_WHAT THE EXERCISE ASKS_. Before returning the data, strip out the pictures and keep everything else exactly the same.

_INFORMATION SUPPLIED_.
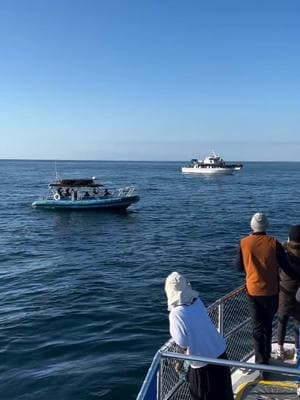 Throwback Thursday! 🐋✨ Just last week (1/30/25), we had an unforgettable Orca encounter off Newport Beach alongside @newportcoastaladventure! This moment is a perfect reminder—you never know when they’ll show, but you better just go! 💙🐬 A once-in-a-lifetime experience for these lucky whale watchers! 🎥 Filmed by Emily Graves. Book your experience today at danawharf.com #DanaWharf #WhaleWatching #OrcaEncounter #NewportBeach #YouNeverKnow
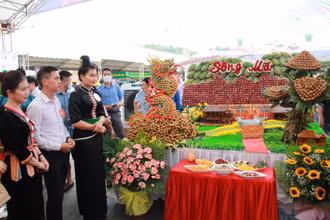 Phần thi tạo hình với sản phẩm đặc trưng là nhãn của huyện Sông Mã.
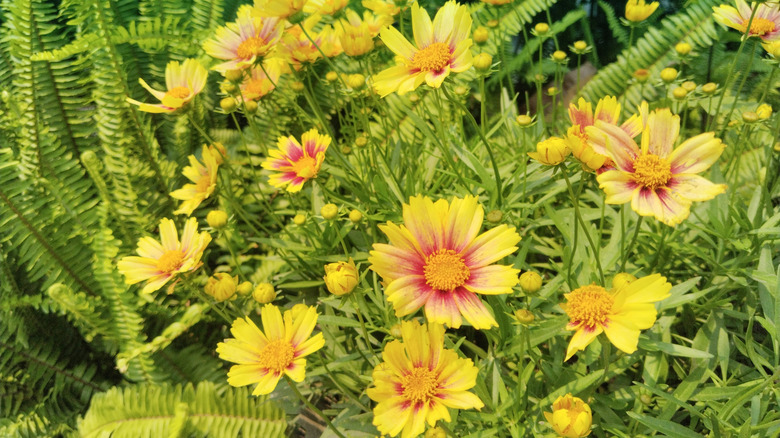 Yellow and red coreopsis in bloom.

_ANSWER SECTION_.
 Throwback Thursday! 🐋✨ Just last week (1/30/25), we had an unforgettable Orca encounter off Newport Beach alongside @newportcoastaladventure! This moment is a perfect reminder—you never know when they’ll show, but you better just go! 💙🐬 A once-in-a-lifetime experience for these lucky whale watchers! 🎥 Filmed by Emily Graves. Book your experience today at danawharf.com #DanaWharf #WhaleWatching #OrcaEncounter #NewportBeach #YouNeverKnow
 Phần thi tạo hình với sản phẩm đặc trưng là nhãn của huyện Sông Mã.
 Yellow and red coreopsis in bloom.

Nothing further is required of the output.